# TO DO
In the listing below, the lines starting at the line with "316L Çelik Gümüş Renk Kalp Model Kadın Küpe" and ending at the line with "Hatchet Men Diamond" are to be output verbatim. Images stay out of the copy.

# DATA LISTING
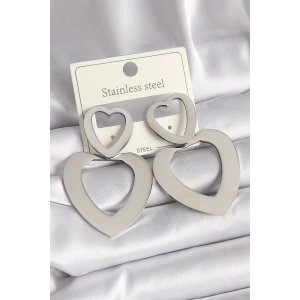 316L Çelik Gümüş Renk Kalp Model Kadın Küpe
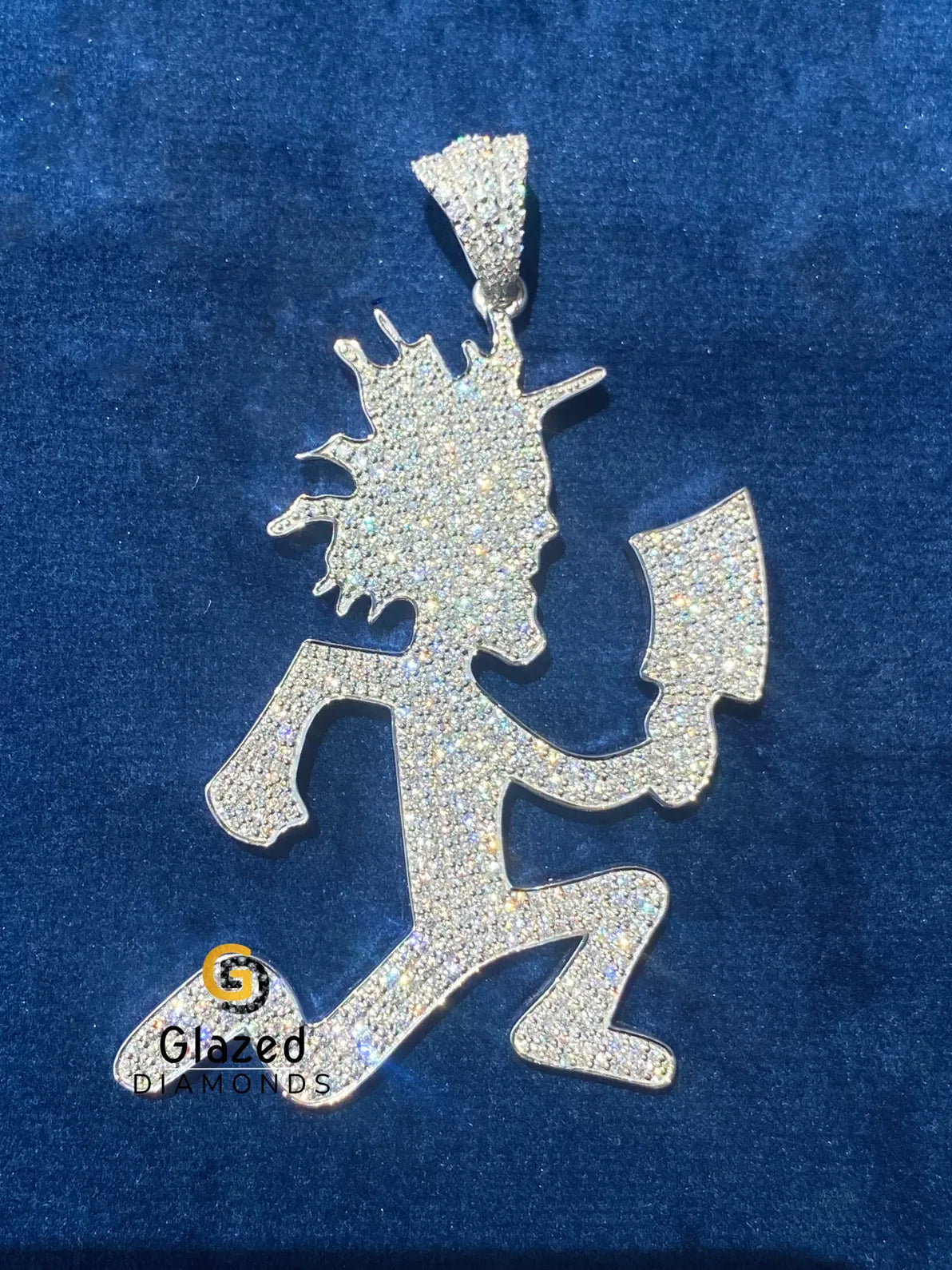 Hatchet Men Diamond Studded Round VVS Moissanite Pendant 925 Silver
* * *
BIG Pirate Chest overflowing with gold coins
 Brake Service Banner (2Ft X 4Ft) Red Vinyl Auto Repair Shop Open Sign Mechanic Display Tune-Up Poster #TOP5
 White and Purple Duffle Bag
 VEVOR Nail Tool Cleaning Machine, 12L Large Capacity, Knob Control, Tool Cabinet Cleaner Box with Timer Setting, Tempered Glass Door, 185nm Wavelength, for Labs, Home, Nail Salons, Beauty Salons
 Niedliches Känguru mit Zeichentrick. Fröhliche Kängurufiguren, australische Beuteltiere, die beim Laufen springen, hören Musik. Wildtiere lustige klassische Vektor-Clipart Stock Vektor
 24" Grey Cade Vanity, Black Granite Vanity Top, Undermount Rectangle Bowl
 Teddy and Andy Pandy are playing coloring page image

# EXERCISE RESPONSE
 316L Çelik Gümüş Renk Kalp Model Kadın Küpe
 Hatchet Men Diamond Studded Round VVS Moissanite Pendant 925 Silver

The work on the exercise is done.